On Thu, Jun 15, 2017 at 03:40:40PM +0100, Peter Maydell wrote:
> On 14 June 2017 at 12:54, Paolo Bonzini <pbonz...@redhat.com> wrote:
> > I think the various bindings and rates could be refreshed as devices are
> > migrated.  This assumes that the device migration order is okay
> > according to the clock tree, that is if you have three devices X/Y/Z and
> > five clocks a/b/c/d/e/f:
> >
> >   fixed-clock
> >     |     |
> >    X:a   X:b
> >     |     |    \
> >    Y:c   Y:d      Z:e
> >           |
> >          Z:f
> >
> > you could do this:
> >
> > - migrate X
> >   - retrieve the PLL ratios for a and b's bound clocks (if the ratio
> >     is variable, otherwise no need for this)
> >   - in the post_load callback, bind a and b to the fixed-clock
> >     (if the binding is variable, otherwise no need for this)
> > - migrate Y
> >   - retrieve the PLL ratio for d's bound clocks (if the ratio
> >     is variable, otherwise no need for this)
> >   - in the post_load callback, bind c and d to a and b respectively
> >     (if the binding is variable, otherwise no need for this)
> > - migrate Z
> >   - in the post_load callback, bind e and f to b and d respectively
> >     (if the binding is variable, otherwise no need for this)
> 
> Unfortunately we make no guarantees at all about migration order
> for devices as far as I'm aware, so devices have to cope regardless.
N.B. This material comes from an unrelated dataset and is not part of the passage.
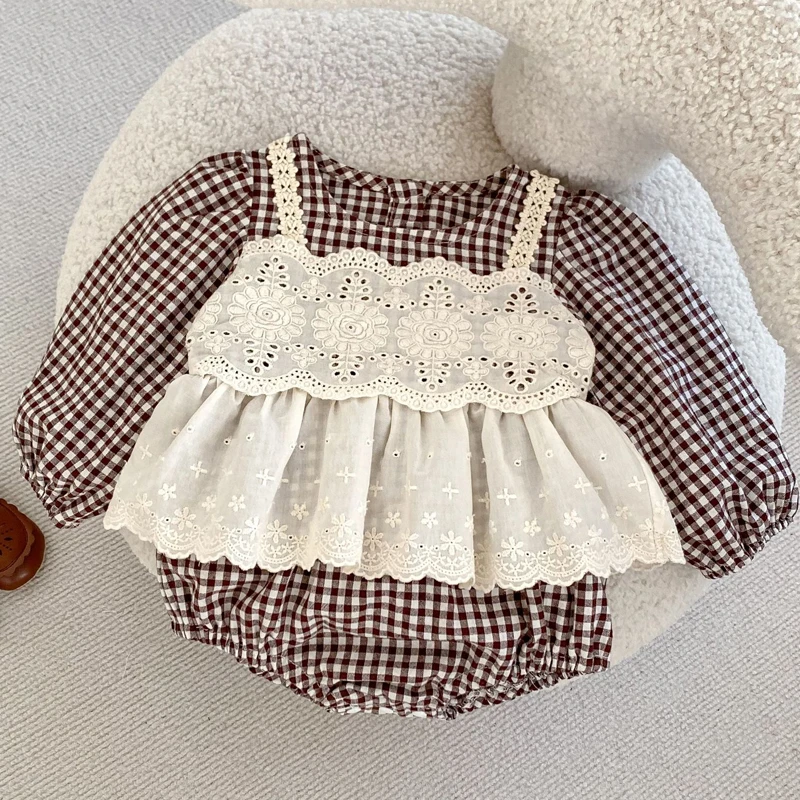 Autumn new baby clothing, 0-3 year old female baby, cute lace hem, small skirt, triangle HaYi crawling clothes for little ladies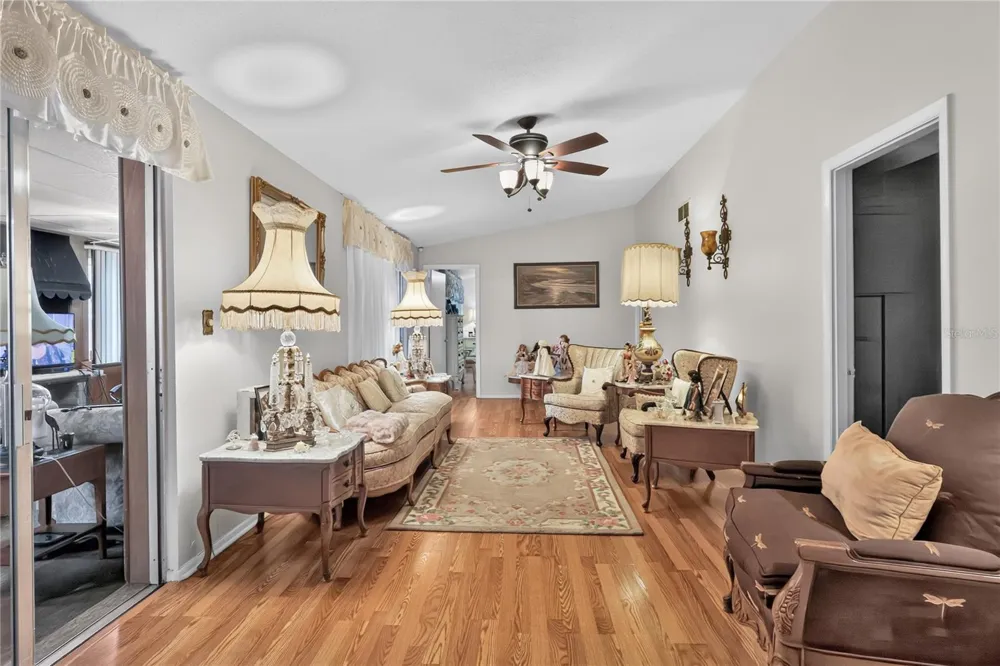 2604 REEF COURT Orlando, FL 32805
How does this work for interrupts/gpios?

Perhaps we would need a way to force all clock sources that don't
depend on input clocks to re-notify their clocks after migration
is complete but before we run the new guest?

That would propagate updates throughout the chain...

Cheers,
Edgar

> 
> (There's also the possibility of an oddball bit of hardware which
> has a clocktree with loops in it.)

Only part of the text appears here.